In assoluto – perché non c’è solo il calcio nella vita – la nascita di mia figlia. Lei mi ha fatto capire tante cose e mi ha cambiato tantissimo.
A distanza di tanto tempo ormai continuo a ricevere messaggi e lettere da parte dei tifosi del Toro che mi ricordano con grande affetto e per me vale lo stesso sentimento nei loro confronti. L’unica macchia legata al Toro è legata al modo in cui sono stato mandato via.

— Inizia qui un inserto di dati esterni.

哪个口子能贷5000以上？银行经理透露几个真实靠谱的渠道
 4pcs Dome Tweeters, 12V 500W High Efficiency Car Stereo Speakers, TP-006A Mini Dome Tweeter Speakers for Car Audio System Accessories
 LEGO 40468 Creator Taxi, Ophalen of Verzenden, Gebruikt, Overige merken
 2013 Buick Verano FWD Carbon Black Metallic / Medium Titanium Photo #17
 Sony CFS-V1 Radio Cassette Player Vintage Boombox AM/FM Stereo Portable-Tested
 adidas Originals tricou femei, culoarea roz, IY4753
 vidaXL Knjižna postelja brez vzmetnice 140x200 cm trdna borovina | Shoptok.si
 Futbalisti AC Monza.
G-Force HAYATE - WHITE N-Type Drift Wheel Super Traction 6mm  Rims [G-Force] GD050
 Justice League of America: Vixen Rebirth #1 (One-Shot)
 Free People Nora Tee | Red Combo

Ho dato tutto per tre anni ed ero apprezzato, tanto che si stava già parlando del mio rinnovo. Sul finire della terza stagione mi feci male. Il recupero andò per le lunghe e nonostante la stagione successiva Ventura mi avesse consegnato la fascia di capitano e fosse arrivato anche un bel gol contro il Parma, giocai pochissimo, ma, ancora peggio, avevo già capito che il mio tempo in granata era scaduto.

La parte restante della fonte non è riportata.